Platform For Emergence – Users Sketching Experiences
By providing the conditions and tools within objects themselves we can create an open platform for naturally unfolding semantics. If we are to create a language of form and movement, then its core elements should embrace the emergent nature of meaning.

Embracing emergence requires an object to have a recognition and memory of what happens around them, building a history or narrative of change. In addition to expressive capabilities and the ability to build on the past, these forms should have the plasticity to allow transformation in all of its capabilities to adapt to people in the present. A form will be able to observe the world around it, but human participation with it will continually re-define what it is, to re-contextualize the purpose of its form, expanding the experiences it may elicit. These forms should be aware of this process of emergent meaning if they are to be deeper participants of social practice. The forms that comprise our objects and spaces are igniting a new dialogue when they explicitly become a form of media and interface. Building a living framework of consideration, by engaging in an inquiry around the proprieties and impact of such a platform of dialogue will be helpful in determining which capabilities are most necessary.

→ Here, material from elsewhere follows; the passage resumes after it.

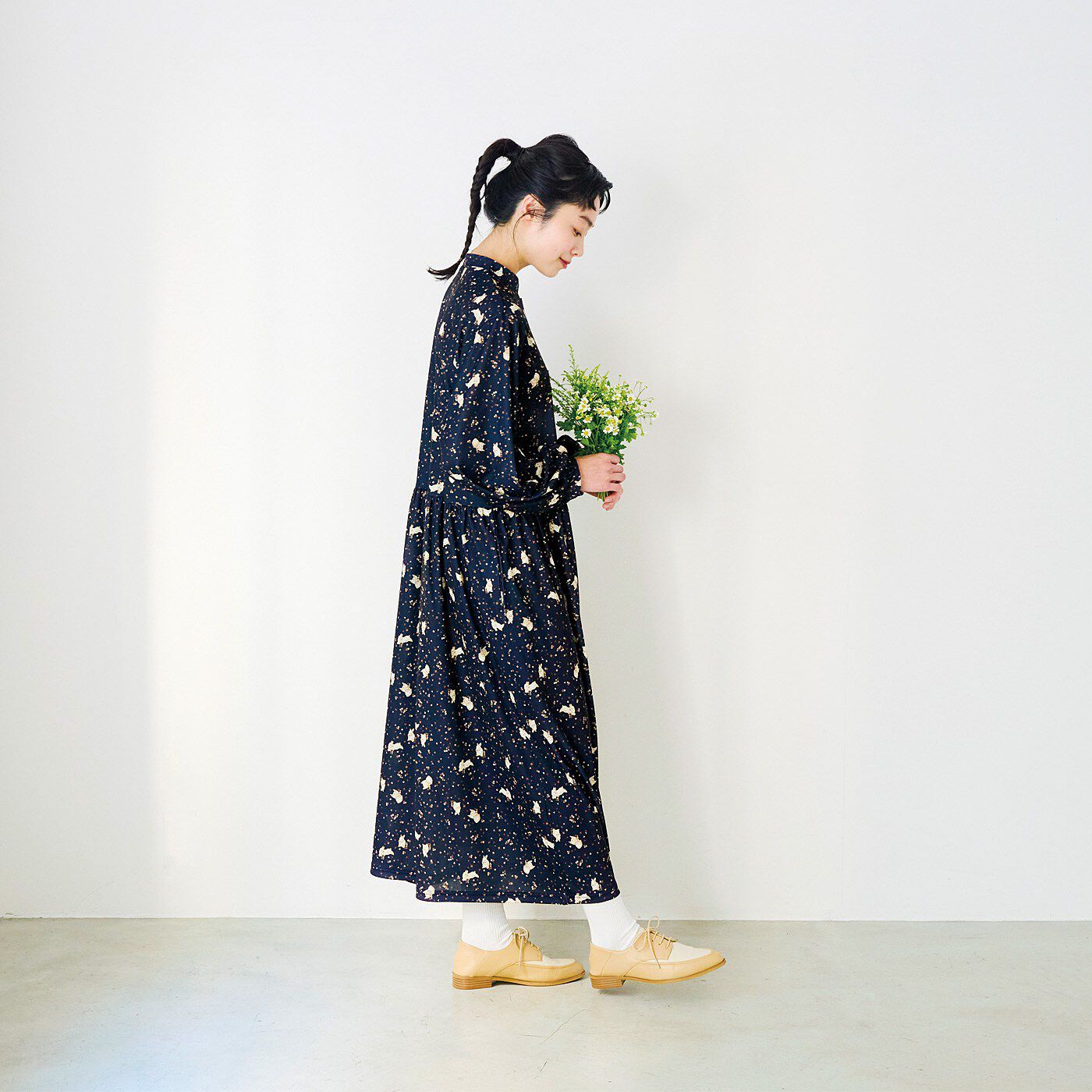YOU+MORE!|YOU＋MORE!　クローバーのお花畑とうさぎのふんわりシルエットワンピース|ぽわんとした袖でらくな着心地。
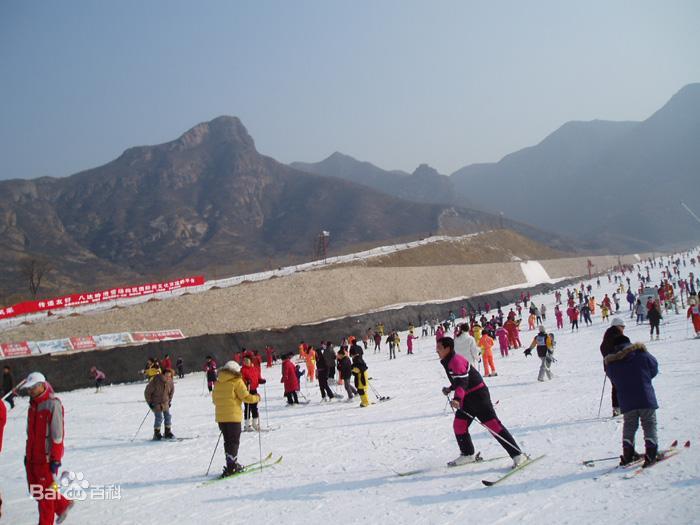 八達嶺滑雪場景點介紹.租車價格.指南.攻略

As we create enabled and communicative forms that comprise our objects and spaces, we will require an equal consideration of both the digital and the physical aspects. The new method should consider relationships that are happening between things and people in spaces. The attention and sensitivity we prescribe to physical representation and expression of associated meaning has to be directly proportional to that which we devote to the sensing, processing, understanding, storing and sharing in the ecology of meaning surrounding it. This language will enable a new spectrum of authoring and expression of meaning. The following are characteristics of expressive forms that should be considered:

• Awareness and Memory
• Expression and Literacy
• Transformation: an element that is pervasive in all the others

Awareness and Memory
We leave traces of ourselves behind as every moment passes. Streams of gestures, wafts of pheromones, a wake of heat, a dynamic gait emanating a chorus of continuous audio. This species of media is the most valuable; it is the unfolding map of ones self. When these individual maps are read on a larger scale it is the Map of Us, it is the combined interactions and behaviors of communities of people that illustrate underpinning motivations, intents, and shared meanings. Objects, equipped with the culmination of several maturing and emerging technologies, including sensing technologies, have the potential to seek the meanings of our traces, and observe their composition and morphology over time. This raises the opportunity for objects to be cartographers of experience, to be moment hunters and stenographers, seekers of the zeitgeist of place.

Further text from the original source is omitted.